Data Security

For TOPMed Imputation, data is transferred to a secure server hosted on Amazon Web Services. As of May 2023, we have completed a rigorous security review and received a federal Authorization to Operate (ATO) from NIH/NHLBI. A wide array of security measures are in force:

  • All traffic to and from the server is secured with HTTPS.
  • Input data is deleted from our servers as soon it is not needed anymore.
  • We only store the number of samples and markers analyzed. We don't ever "look" at your data in any way.
  • All results are encrypted with a strong one-time password. We do not retain this password: only you can read the results.
  • After imputation is finished, the user has 7 days to download the results, after which they are automatically deleted.
  • The complete source code is available via public Github repositories:
  • Imputation pipeline
  • Web application

Who has access?

To upload and download data, users must register with a unique e-mail address and strong password. Each user can only download imputation results for samples that they have themselves uploaded; no other imputation server users will be able to access your data.
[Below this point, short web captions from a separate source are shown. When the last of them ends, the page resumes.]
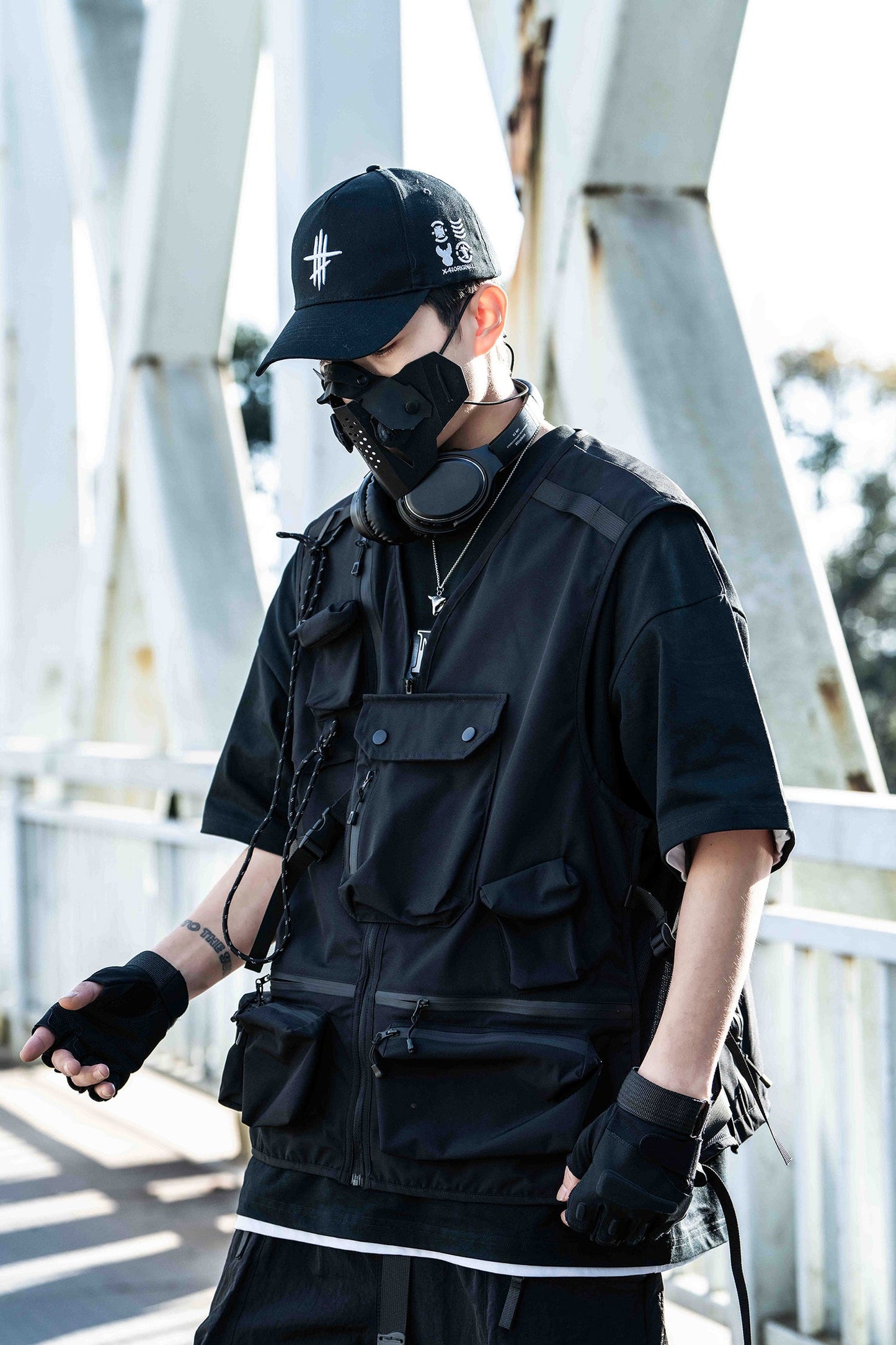 DuskV01 X2 Vest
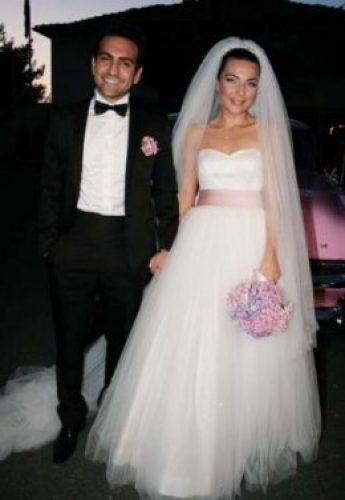 Burcu ve Buğra evlendi
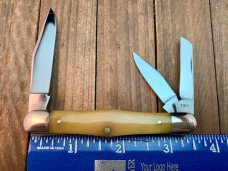 Moore Maker Split Backspring Whittler by Queen Smooth Yellow Bone 1999 Moore Maker Split Backspring Whittler by Queen Smooth Yellow Bone 1999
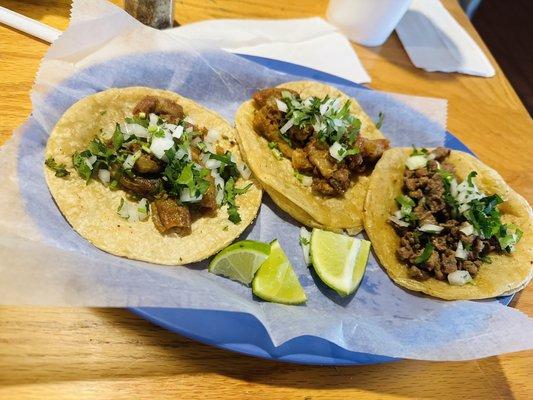 dos tacos de tripa y Un taco de asada.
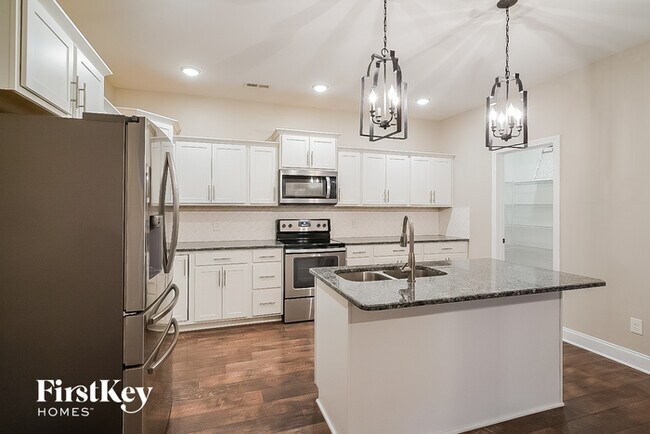 Building Photo - 1333 Millet Dr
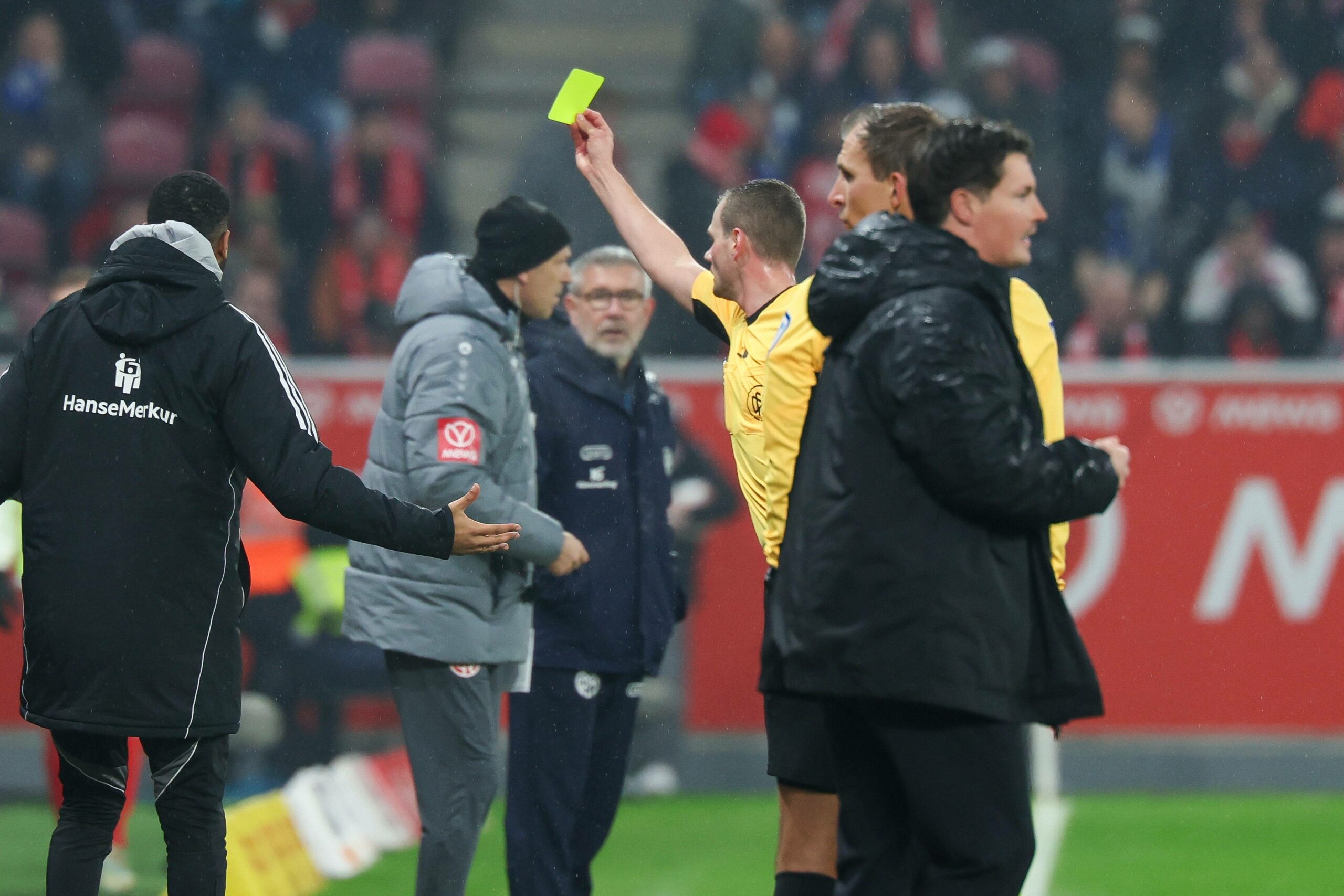 Schiedsrichter Robin Braun verwarnt in Mainz HSV-Assistent Richard Krohn
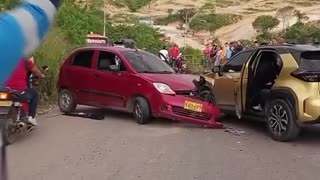 Fuerte accidente de tránsito en la vía Bahondo – Nuevo Girón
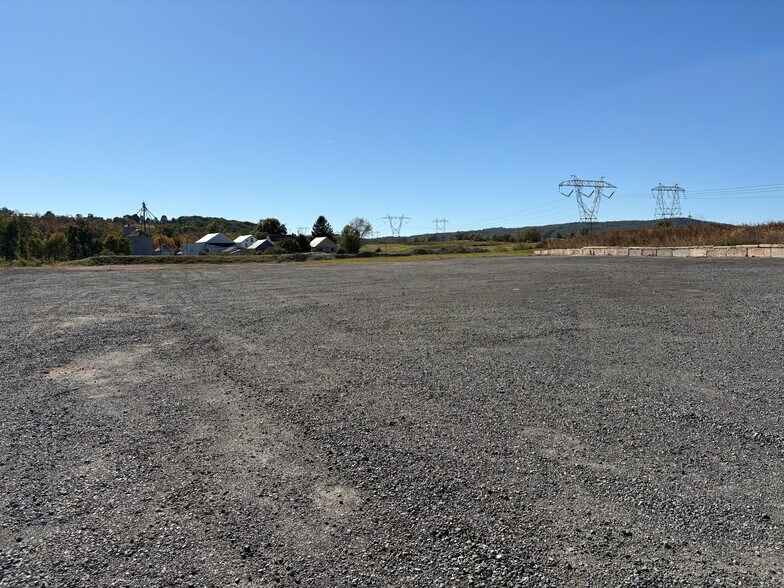 More Photos Of 858 Gravel Pike, Palm Industrial For Sale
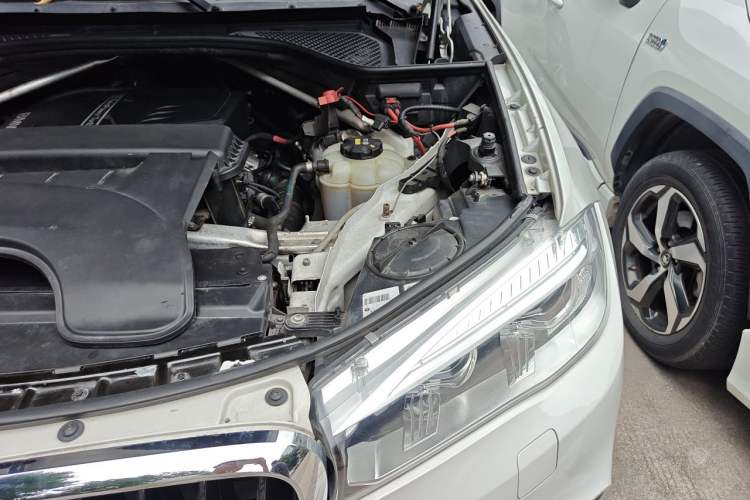 Used BMW X6 2019 xDrive28i M Sport Package Engine Bay Left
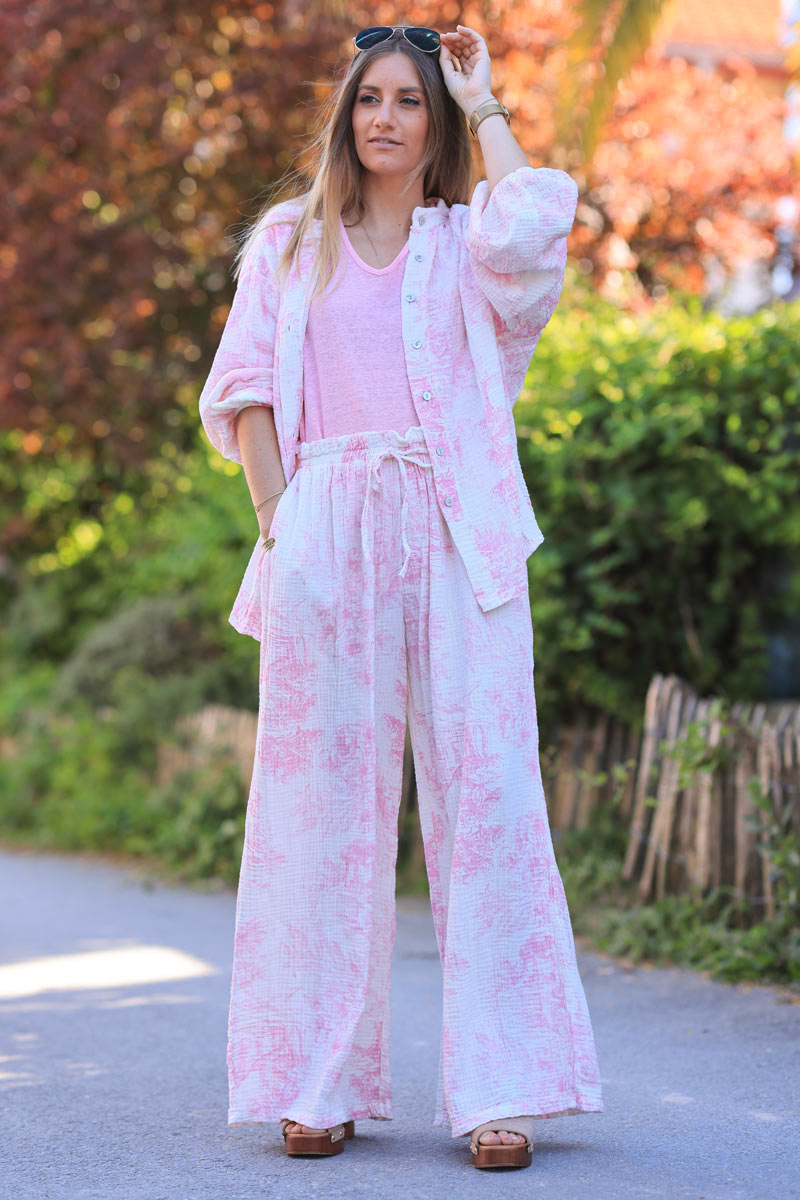 Pantalon large en gaze de coton confort imprimé toile de jouy rose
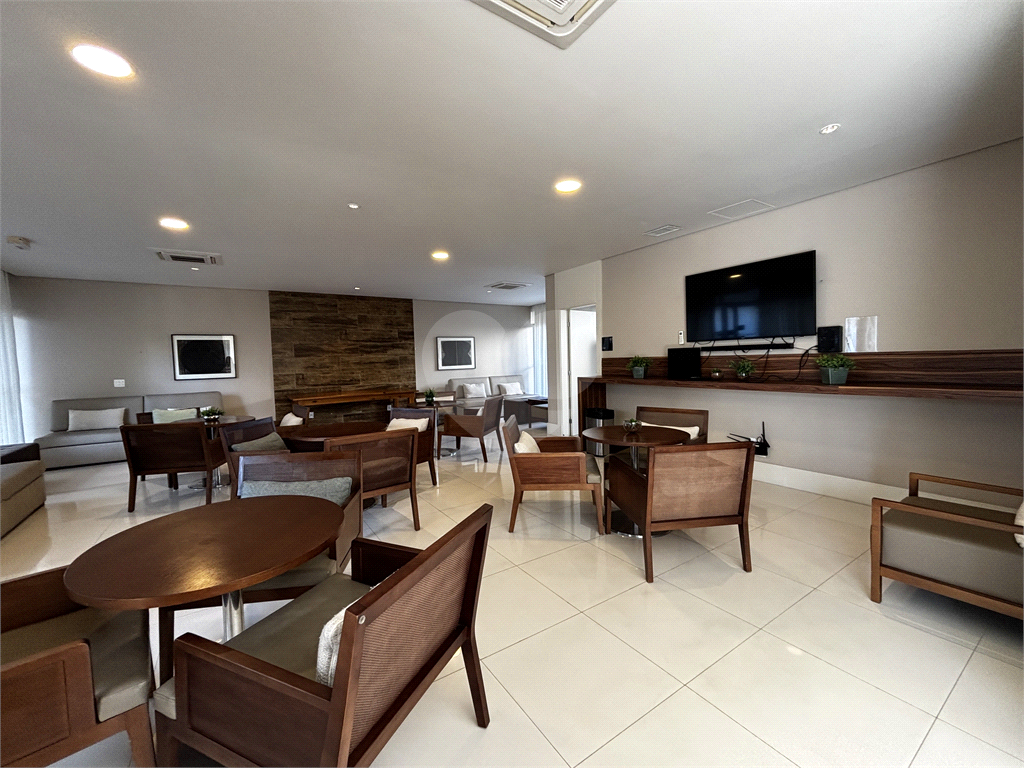 Apartamento com 3 dormitórios e 2 vagas em Santana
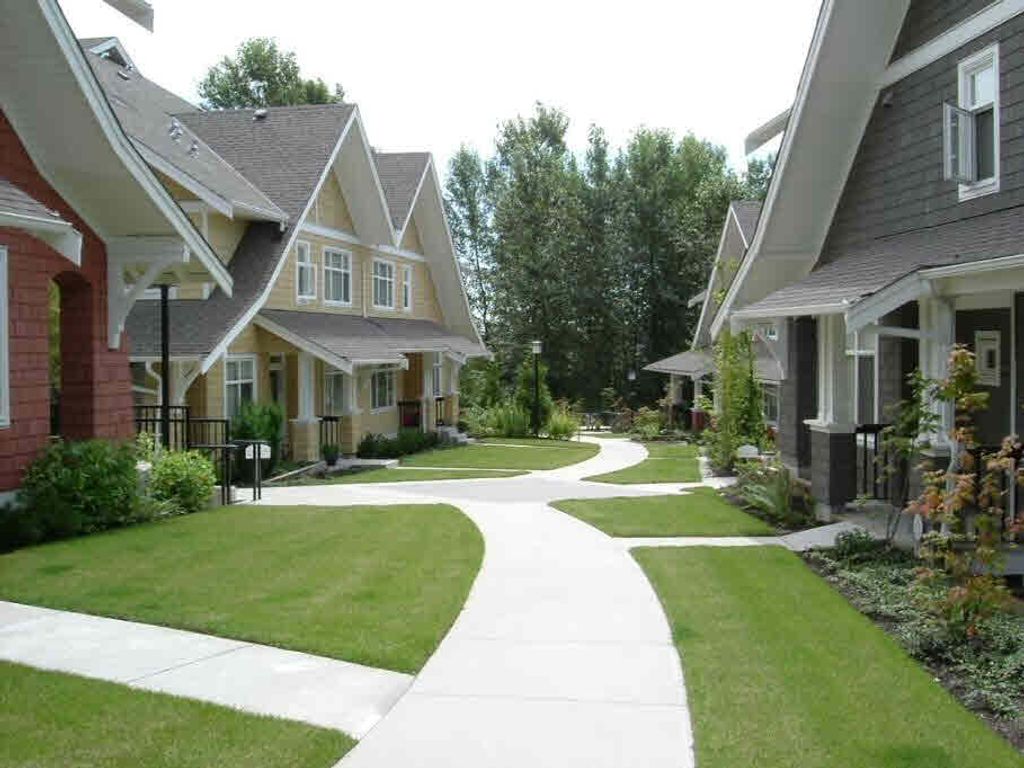 listing image 1101460273397229056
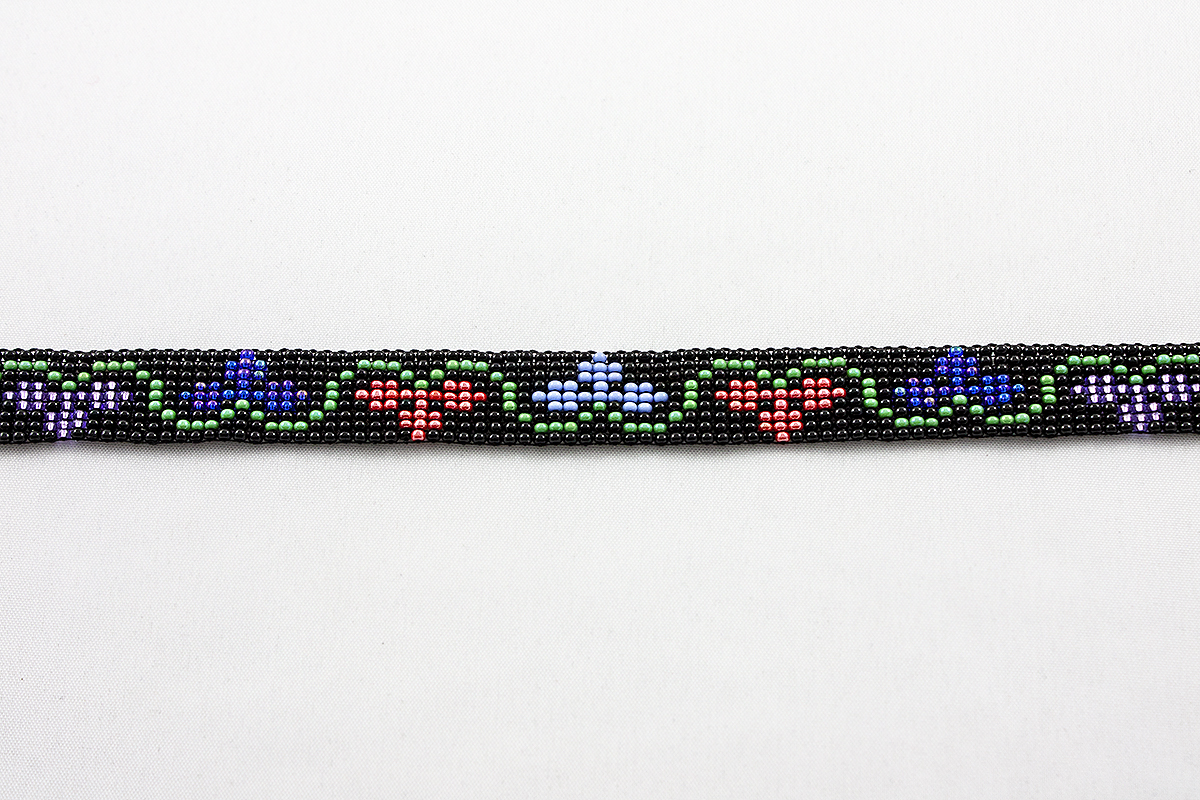 Zgărdan Tradițional Motiv Floral – Negru/Albastru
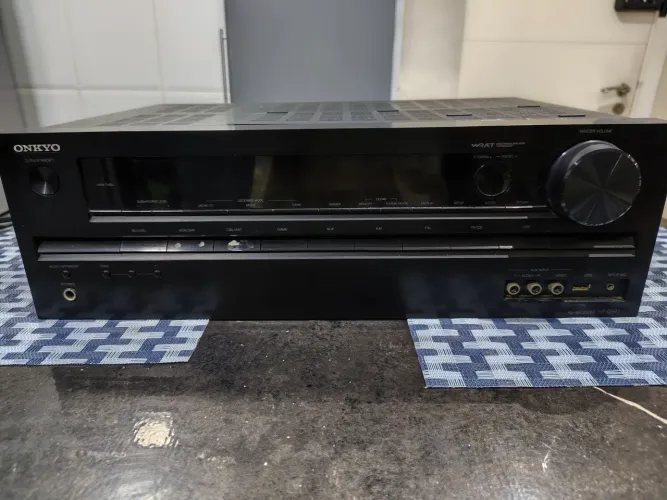 Receiver Onkyo HT-R591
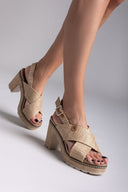 Πέδιλα από ψάθα με crossover φάσες Refresh 172707 - Μπεζ - thefashionproject.gr - Refresh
What security or firewalls protect access?

A wide array of security measures are in force on the imputation servers:

  • All stored data is encrypted at rest using FIPS 140-2 validated cryptographic software as well as encrypted in transit.
  • Access controls follow the principle of least privilege. All administrative access is secured via two-factor authentication using role-based access controls and temporary credentials.
  • Network access is restricted and filtered via web application firewalls, network access control lists, and security groups. Public/private network segmentation also ensures only the services that need to be are exposed to the public internet. All internal traffic and requests are logged and scanned for malicious or unusual activity.
  • Advanced DDoS protection is in place to assure consistent site availability.
  • All administrative user activities, system activities, and network traffic is logged and scanned for anomalies and malicious activity. Findings are alerted to administrative users.

What encryption of the data is used while the data are present?

Imputation results are encrypted with a one-time password generated by the system. The password consists of lower characters, upper characters, special characters and numbers with max. 3 duplicates.